Oklahoma State football: Is the Fiesta Bowl Gundy’s best win at OSU?
By John Scimeca
Oklahoma State football head coach Mike Gundy stated that OSU just got the biggest win in school history in its 37-35 defeat of Notre Dame in the Fiesta Bowl.
Is he right?
Gundy made this claim in the heat of the moment. His team, after trailing 28-7 and looking listless in the second quarter of the Fiesta Bowl, had just scored 30 unanswered points to mount the largest comeback in school history.
This historic comeback came against one of college football’s premier blue bloods in Notre Dame. The Fighting Irish have 11 national titles, 929 overall wins, and seven Heisman Trophy winners to their name. Movies like Rudy and the pageantry surrounding traditions like the “Touchdown Jesus” mural make Notre Dame one of college football’s most prestigious programs.
And in recent years, though the Irish have failed to win in the College Football Playoff, Notre Dame has still been highly successful. Under recent head coach Brian Kelly (now at LSU), the Irish have put together five consecutive seasons with at least 10 wins and are a mainstay in the AP Top 10 rankings. In the last two years alone, 15 Notre Dame players have heard their names called during the NFL Draft.
Even with these extraordinary circumstances in the Fiesta Bowl win, which gives OSU only its second season finish ever with 12 wins, only one condition would make Gundy’s assertion true: forward momentum.
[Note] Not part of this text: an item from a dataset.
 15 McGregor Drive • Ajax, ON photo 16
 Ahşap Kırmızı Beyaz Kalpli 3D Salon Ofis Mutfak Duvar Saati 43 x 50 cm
Forward momentum in 2022 for Oklahoma State football is key to considering the Cowboys’ victory against Notre Dame the biggest in school history.
If OSU becomes next year’s Iowa State — that is, a talented team that enjoys a double-digit win season before crashing down to earth with a 7-6 record the following year — then there’s no defensible way to claim the Notre Dame victory as the biggest win in the annals of Oklahoma State football history.
Gundy will graduate several fifth-year seniors that anchored the defense, as well as some talented playmakers on offense who had transferred from other schools and enjoyed the limelight of playing one final season of college football.
If these players are replaced by OSU’s current group of freshmen and sophomores (and not to mention a good-lucking high school recruiting class), then the case could be made for the Notre Dame building OSU’s momentum as a program. It would be seen as the signature win of a renaissance era of Cowboys football after some relatives struggles in 2018 and 2019.